Like St. Maximin`s, the former Collegiate Church of St. Paulin in the northern part of the city was erected in a Roman cemetery. The most remarkable features of the church are the ceiling paintings and the sculptures in the interior - instead of individual spatial impressions, a single unified whole awaits the visitor.
At the end of the 4th century, Bishop Felix had a church erected, 400 ft/120m long. Around AD 400, the remains of Paulinus, considered a martyr and saint, were brought to Trier. Paulinus had originally been a Bishop of Trier and had lived in exile in Phrygia (Asia Minor), where he died in AD 358. After a fire in 1093, a new structure was consecrated in 1148 by Pope Eugene III; it was then blown up in 1674.
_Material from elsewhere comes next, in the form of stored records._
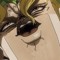 Dumb_dio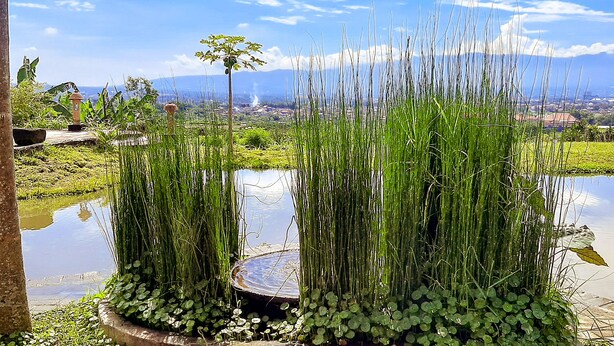 豪華別墅 | 湖景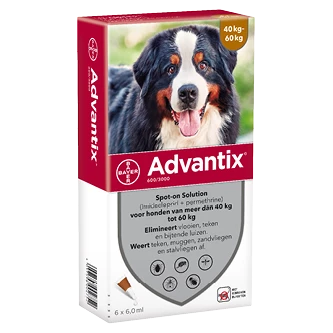 Advantix 600 6 Pipetten 1 Advantix 600 6 Pipetten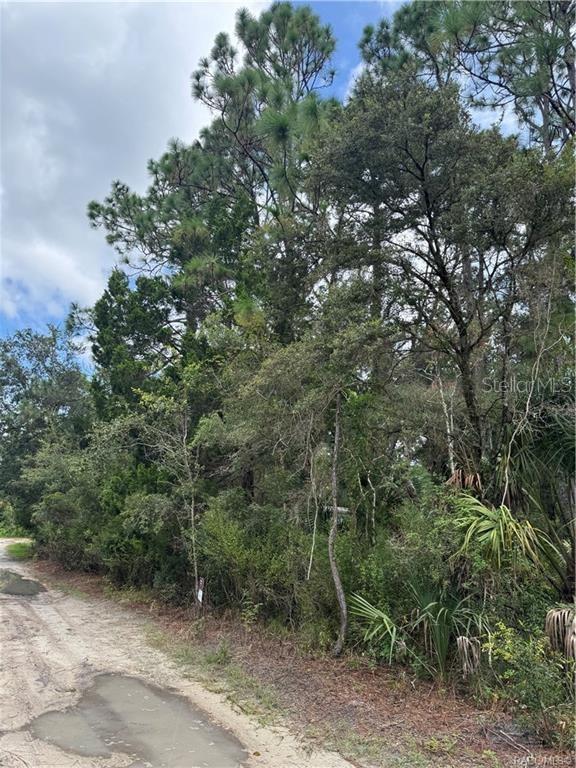 AMERICAN DATA & COMPUTER CREDIT CORP UNREC - Land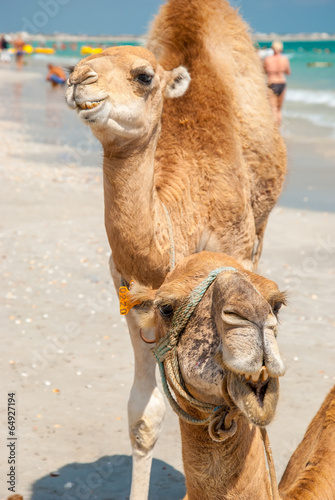 Two Camels on the Beach © kaycco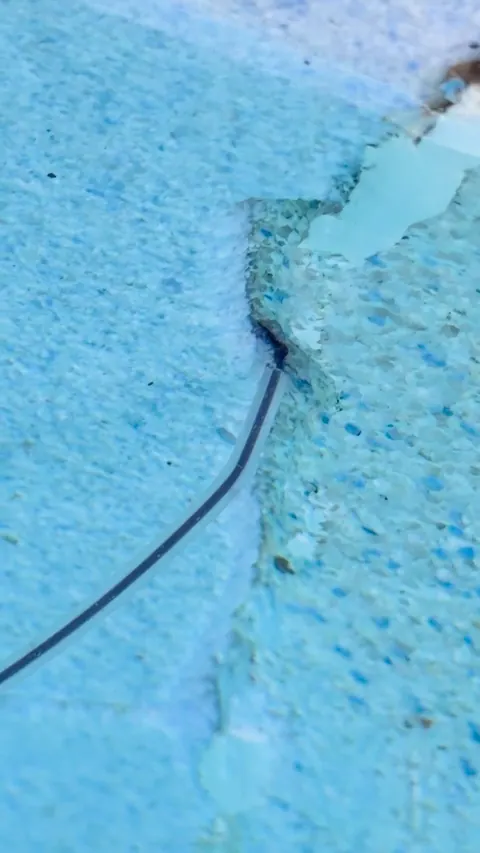Dye follows the crack in: it's leaking.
The Archbishop-Elector himself paid for a new church construction. The interior furnishings and decoration clearly bear the stamp of Balthasar Newmann. His concept allows for the deft blending of different spaces into a unified whole.
Impressive for the observer are the numerous details, such as the high altar, the pulpit from the Cistercian monastery of Himmerod, the stucco work, the ceiling paintings and the other paintings. The ceiling painting above the organ depicts the slaughter of the martyrs to the faith, to whom the glory of heaven is opened in the central painting. The ceiling paintings in the choir are dedicated to Paulinus.
The sarcophagus altar, other relics, and the burial monument to Paulinus in the crypt are the richly decorated work of Ferdinand Tietz.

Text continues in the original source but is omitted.